For the most recent vehicle data based on 2008 to 2010 model year products, data showed that the Scion tC topped the list as the highest overall insurance loss. As an import sports vehicle, the Scion tC caters to younger, riskier group of drivers therefore leading to worse than average insurance loss. In addition, being a Japanese-built vehicle, the collision insurance costs would be understandably high for North American drivers. Since introduction, the Scion tC has been a rated in the overall top-five of the vehicle insurance loss list.
Other vehicles found on the highest insurance loss list between the 2008 and 2010 model years involves a mix of everyday, Luxury and performance. Below the Scion tC coupe on the IIHS list is the long wheelbase variant of the Mercedes Benz S-Class sedan, Mitsubishi Lancer (not specifically the Evolution model) and the Chevrolet Cobalt.
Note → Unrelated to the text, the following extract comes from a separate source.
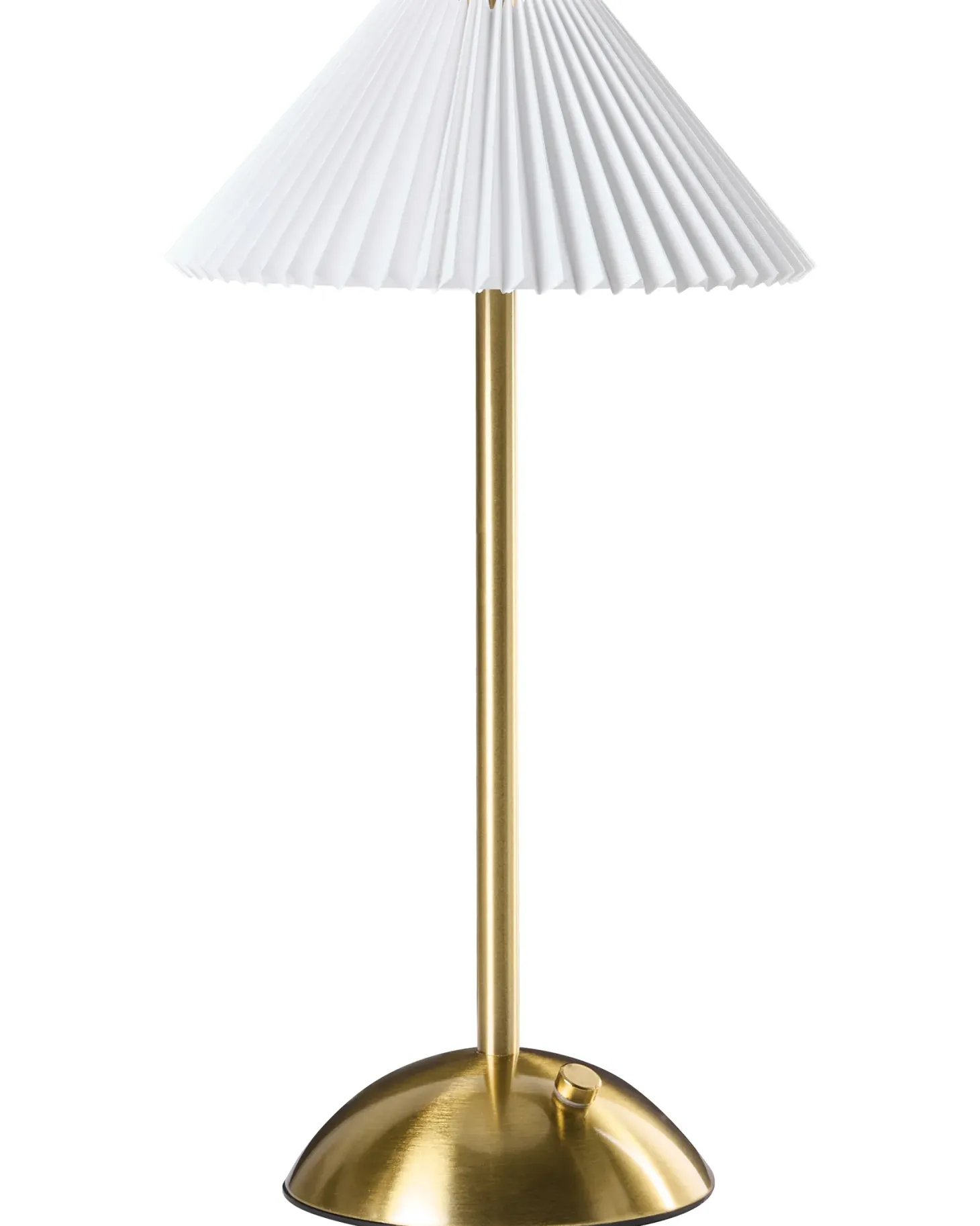 Zestaw 2 bezprzewodowych lamp stołowych LED RUBA Ze ściemniaczem Metal Złoty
While the Cobalt’s appearance on the list could also be cited for sizeable production numbers, the compact Chevrolet joins six of the top-ten highest loss vehicles targeted for the youth market.
On the other side of the insurance data, some of the lowest loss vehicles Subaru Outback wagon, Honda CR-V and the Ford F-150. While the presence a two-door sport compact car at the top of the IIHS list of highest insurance losses is not a surprise, two popular sports cars make an amusing stand on the lowest insurance loss chart. The Chevrolet Corvette and the Mazda MX-5 Miata present lower than average insurance loss data. Topping the list on the lowest insurance loss chart is the Smart ForTwo. From the collection of automobile types assembled on the lowest insurance loss list, it could be assumed sport cars like the Corvette and MX-5 Miata are driven with more care.
When identifying individual vehicles, the insurance loss data displays some interesting observations among vehicle categories. While the insurance loss numbers constructed by the IIHS and the HLDI reveals that many mid-sized sedans are less risky than smaller vehicles, there are several exceptions. For example, the Smart ForTwo, MINI Cooper Clubman and Volkswagen New Beetle all overcome the small car stigma to have lower insurance loss numbers. Perhaps reinforcing the sense many American automobile buyers maintained over the last decade, sport utility and crossover vehicles were rated favourably for insurance loss. Every SUV and crossover vehicle built from 2008 to 2010 model year achieved either average or under the auto insurance industry’s average for loss.
Blind to gender, driving experience or even location in the United States, vehicle insurance loss information collected by the IIHS and HLDI will definitely influence your next auto quote for a late model automobile.